Data Download - Software & Structure

logos of software used.

Introduction

Downloading hundreds of TBs of data requires more than just a list of URLs, we still need to make sure we can download at maximum speed in the long term run.

This section includes three parts: Speed Testing & Initial Attempt, Structure, and Deployment.

Speed Testing & Initial Attempt

Initial Attempt

We already have a list of FTP download links, so we will first try to download directly. The first software I tried was Internet Download Manager (IDM). This is a common multi-thread downloading software on the Windows platform.

Speed Testing

IDM does accept a list of FTP links as its source, and the downloading speed is running at 500Mbps. However, after a night of downloading, the speed decreases rapidly to zero. I tried to stop downloading for a day and the speed is again running at full 500 Mbps. This is clearly due to restrictions of the remote firewall..

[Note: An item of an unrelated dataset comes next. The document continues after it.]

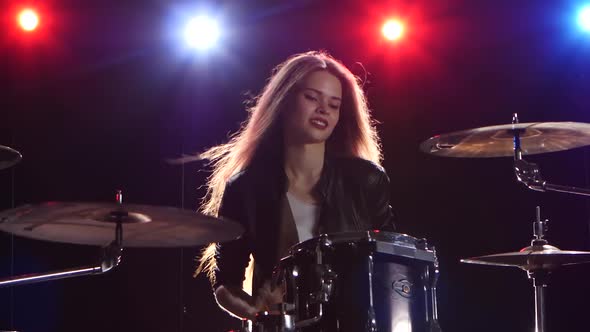 Girl Is Playing the Drums. Black Background. Red Blue Light From Behind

After two weeks of testing and waiting, I found the firewall wouldn't be triggered if the download speed was limited to around ~100Mbps. Also, Aspera and FTP don't seem to share the same firewall policy. So, it would be better to implement both download options to avoid potential service interruption.

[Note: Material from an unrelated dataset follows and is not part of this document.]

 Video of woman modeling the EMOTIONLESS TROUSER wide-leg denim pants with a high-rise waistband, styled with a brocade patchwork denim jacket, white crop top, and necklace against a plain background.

In order to bypass this restriction and still reaches full utilization of the link, we need multiple IP addresses.

Structure

The ISP of our server does not allocate multiple IP addresses, and we need some remote virtual servers as the proxy. In other words, the remote file will first be downloaded to remote nodes at a slower speed, so that it won't trigger the firewall. Then, the file will be retrieved to our local server using FTP without any restrictions.

The Structure

download structure

Deployment

Once the structure was set, I obtained four remote servers. These servers, located in the US, have a 10Gbps unmetered link, which is more than enough. All servers were configured to use Debian 10 OS, and each with at least 256GB of buffer space.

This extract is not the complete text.